9. Généraliser la pension complémentaire

"C'est un remède complémentaire indispensable. La raison est simple : face à la bosse démographique, il aurait fallu constituer des réserves en utilisant une partie des cotisations des générations du baby-boom, afin de se préparer aujourd'hui pour leur départ à la pension. Nous ne l'avons pas fait et il est trop tard. Nous avons donc besoin d'une pension complémentaire accessible à tous. La concertation sociale doit aller dans le sens d'une généralisation avec participation obligatoire au second pilier. Le plafonnement des pensions légales touche un grand nombre de salariés qui n'ont plus d'incitants aujourd'hui à travailler et à contribuer davantage pour leur pension. La concertation sociale doit aussi permettre de différer des hausses de salaires sous forme de pensions complémentaires."

10. Promouvoir les cotisations par rentes et annuités

"Le plus grand problème face à la domination du versement sous forme de capital face au versement sous forme de rentes, c'est le risque que l'argent vienne à manquer si la personne vit longtemps. A côté de cela, il existe aussi un risque en Bourse, c'est-à-dire le risque que les fluctuations sur le marché financier porte sérieusement atteinte au capital alloué. Pour couvrir le risque lié à une espérance de vie élevée, il faut surtout encourager le versement d'annuités.
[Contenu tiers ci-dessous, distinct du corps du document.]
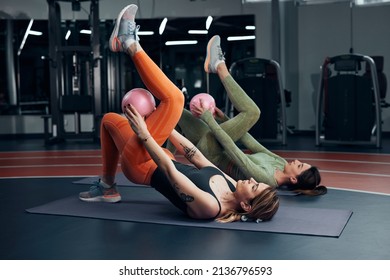 Pretty Women Working Out In A Gym. Adult Ladies With Beautiful Shaped Bodies.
L'adoption de ce système peut se faire d'autant plus facilement lorsque le versement sous forme de rentes (par exemple via les annuités) est défini comme l'option standard (par défaut) à laquelle nous pouvons consciemment nous désinscrire si nous souhaitons un versement sous forme de capital."
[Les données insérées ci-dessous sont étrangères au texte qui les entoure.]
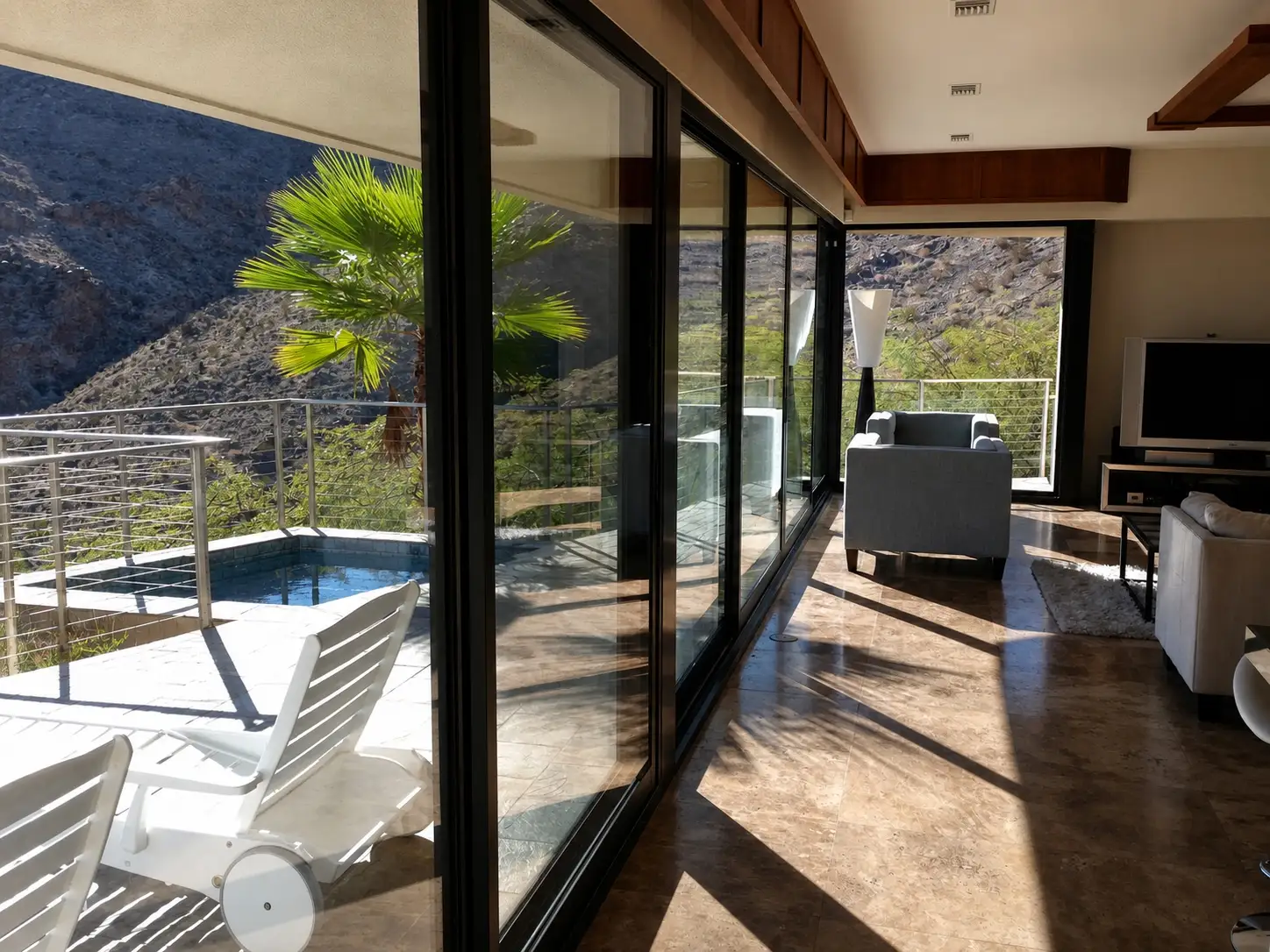 Tiger Tail — Poolside glass wall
11. Marché du travail conscient de l'âge

"La politique des pensions implique aussi une politique d'emploi consciente de l'âge des travailleurs. Un tel New Deal lié à l'âge exige une réforme politique sur plusieurs fronts : une autre législation sur le licenciement qui stimule la mobilité et la sécurité d'emploi, d'autres barèmes salariaux qui réduisent l'effet de l'âge ou l'ancienneté sur les coûts salariaux, une attention particulière à la diversité (y compris la diversité liée à l'âge) dans la politique du personnel, une activation nette et efficace des chômeurs (dont des chômeurs âgés), la promotion d'une carrière professionnelle au cours de laquelle les gens peuvent travailler plus longtemps et différemment. Par ailleurs, il faut stimuler le travail et démanteler les systèmes qui encouragent l'inactivité, et en particulier la sortie anticipée du marché du travail. Il faut concevoir un cadre dans lequel les employeurs et les employés prennent leurs responsabilités en matière d'apprentissage et de formation permanente. Il faut introduire un système d'épargne du temps avec un compte d'épargne individuel que l'on peut emporter avec soi, de manière à ce que l'employé acquière un droit sur une autre activité ou une activité réduite, sur base de sa propre activité."
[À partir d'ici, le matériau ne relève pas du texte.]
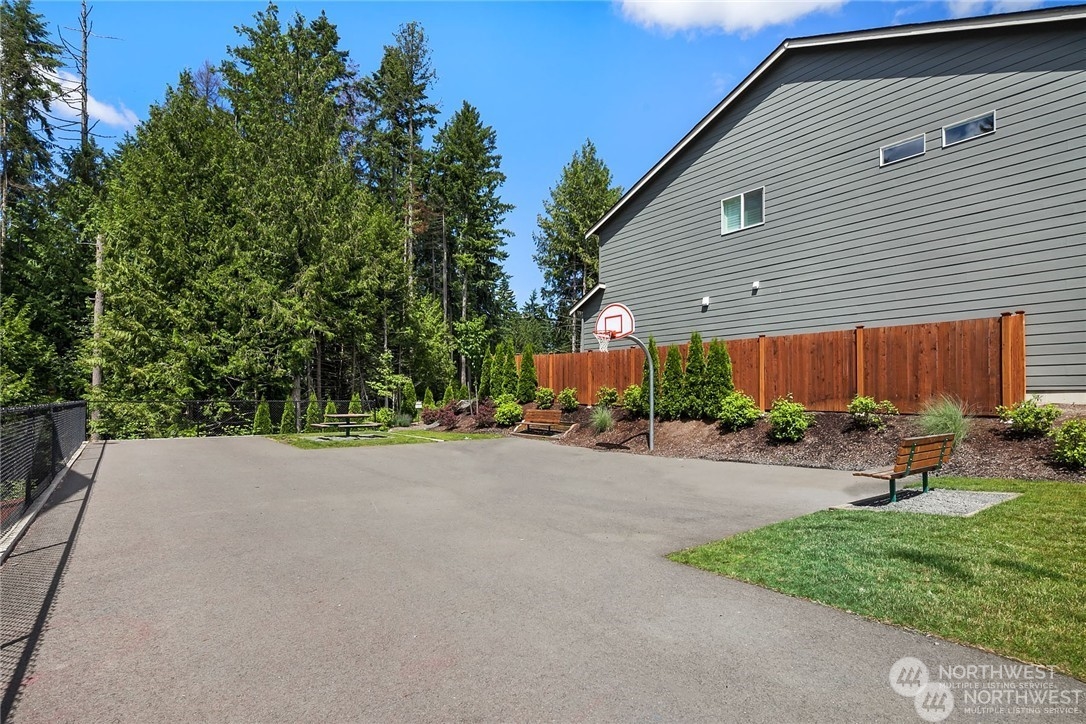 19529 34th Drive Southeast Bothell, WA 98012 - Photo 36 of 38 a view of a house with backyard and garage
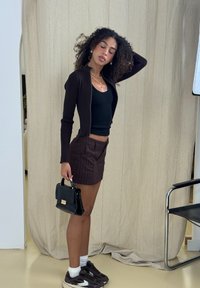 Brun zip-up cardigan över en svart tanktop, parat med bruna rutiga shorts och en svart handväska. Sneakers med vita strumpor. Neutral bakgrund.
12. Individualisation des droits de pension

"Le système des droits dérivés repose sur un ancien modèle de société (breadwinner model) où l'homme était le seul à travailler et à subvenir aux besoins de sa famille. Face aux changements sociétaux liés aux couples et à la vie commune, les droits dérivés sont devenus inappropriés et doivent donc être réétudiés dans cette direction. Cependant, l'individualisation des droits de pension ne peut se faire de manière radicale, sans mettre en place des mesures complémentaires."